For Paul and Sosthenes, their attitude about veils reflects the middle eastern standard of modesty. But to their minds, this wasn’t just a middle eastern standard. It was a universal standard. God himself had meant for women to cover up.
Hence this passage, where they try to defend the idea.
- 1 Corinthians 11.3-16 KWL
- 3 I want you all to know Christ is the head of every man,
- the man the head of his woman, and God the head of Christ.
- 4 Any man praying or prophesying against his head, disgraces his head.
- 5 Any woman praying or prophesying with her head unveiled, disgraces her head.
- One may as well shave her: 6 If a woman isn’t veiled, cut her hair short.
- And if it’s disgraceful for a woman to cut her hair short or be shaved, then be veiled!
- 7 A man isn’t obligated to cover his head—being God’s image and glory.
- But a woman is her man’s glory, 8 for man isn’t out of woman, but woman out of man—
- 9 for the first man wasn’t created through the woman, but woman through the man.
- 10 This is why the woman’s obligated to exercise power over her head—because of the angels.
- 11 Still, neither a woman with no man, nor a man with no woman, in the Master:
- 12 Just as woman came out of man, likewise the man comes from woman.
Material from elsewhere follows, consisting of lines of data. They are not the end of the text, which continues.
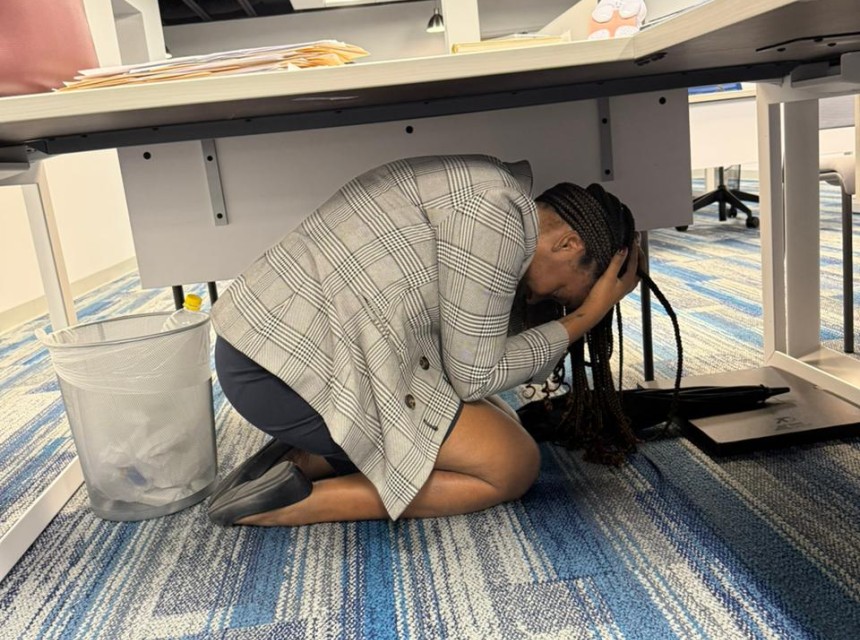 A Ministry of Financial Services staff member participating in the October 16 ShakeOut exercise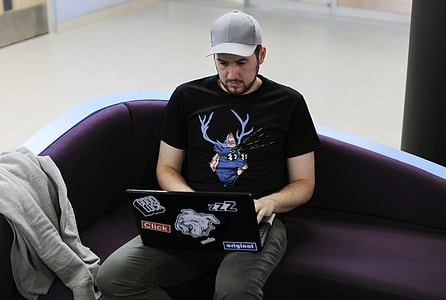 person in black shirt sitting in purple sofa holding black laptop thumbnail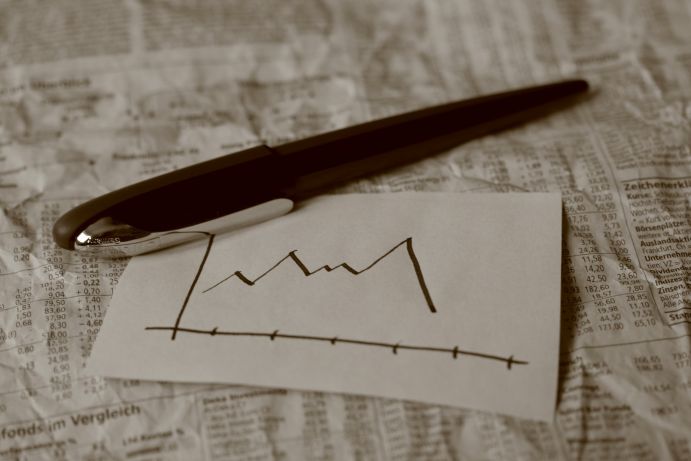 Börsenkurs Talfahrt - Plötzlich einbrechende Aktienkurse sind ein prominentes Merkmal von Finanzkrisen und Grund, sich Gedanken zu machen, ob unser krisengeschütteltes Finanzsystem belastbar ist, die Transformation zur emissionsarmen Wirtschaft zu finanzieren. Kugelschreiber zeichnet Kurve zu abfallendem Börsenkurs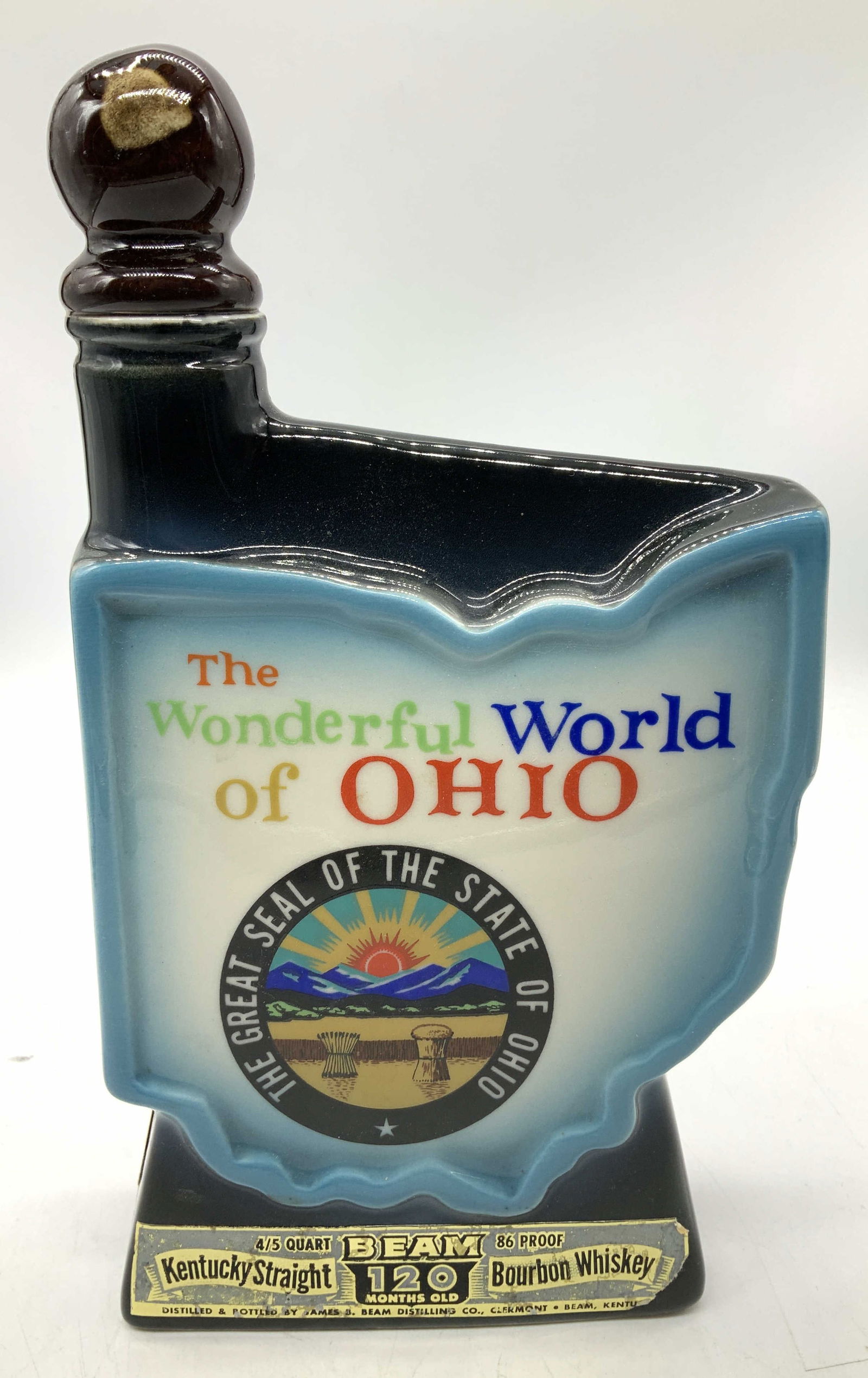 Vntg Hand Crafted Wonderful World of Ohio Decanter: Vntg Hand Crafted Wonderful World of Ohio Decanter Ceramic decanter shaped like the state of Ohio & features a design celebrating The Wonderful World of Ohio. Decanter produced by Regal China for Jame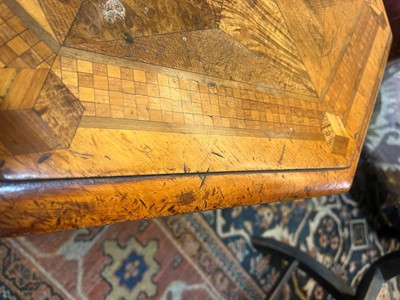 Lot 65 - A Victorian walnut and specimen wood occasional table in the manner of Gillows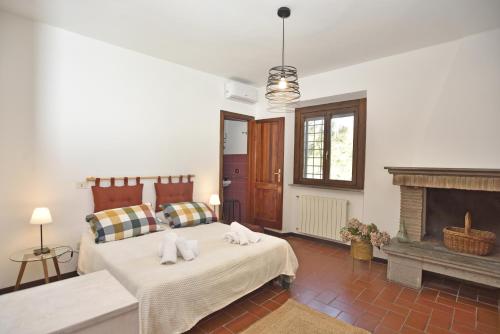 a bedroom with two beds and a fireplace at Casale del Passatore sas in Rocchette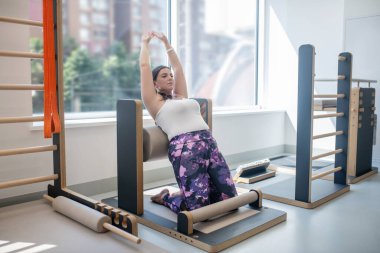 Koyu saçlı, iri yarı, arkaya yaslanan ve esneyen bir kadın.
And all out of God.
- 13 Judge for yourselves: Is it appropriate for an unveiled woman to pray to God?
- 14 Doesn’t nature itself teach us when a man has long hair, it dishonors him?
- 15 —and when a woman has long hair, it’s to her glory? That hair gives her a covering?
- 16 If anyone wishes to debate this…
- well we just don’t have such a custom. Not in God’s churches.
Why’s this a controversial passage? Simple. All those Christians who ignore it, no matter what they claim to believe about the bible and its authority, demonstrate in practice what they really think: They get to pick and choose which parts of the bible they consider universal standards, and they haven’t chosen this one. Because uncovered heads don’t offend them. Now, homosexuality might totally offend them, so they’ll preach against it on the regular. Veils? Despite the clear and obvious teaching of the apostles? Meh.
Some of ’em will come right out and say it, and some of ’em will avoid ever saying it for fear it undermines everything else they teach about scripture, inspiration, and literal interpretation. Yet their practices expose all: Contrary to Paul and Sosthenes, they figure head-covering isn’t a universal, eternal, God-decreed standard. It’s merely the apostles’ personal cultural hangup. So it can be dismissed in the present day. Otherwise they’d have serious qualms about flouting this instruction—and they totally don’t.
This isn’t the only situation where they treat the scriptures as if it’s all relative. It’s just the most obvious. Use it as a litmus test if you like. I do.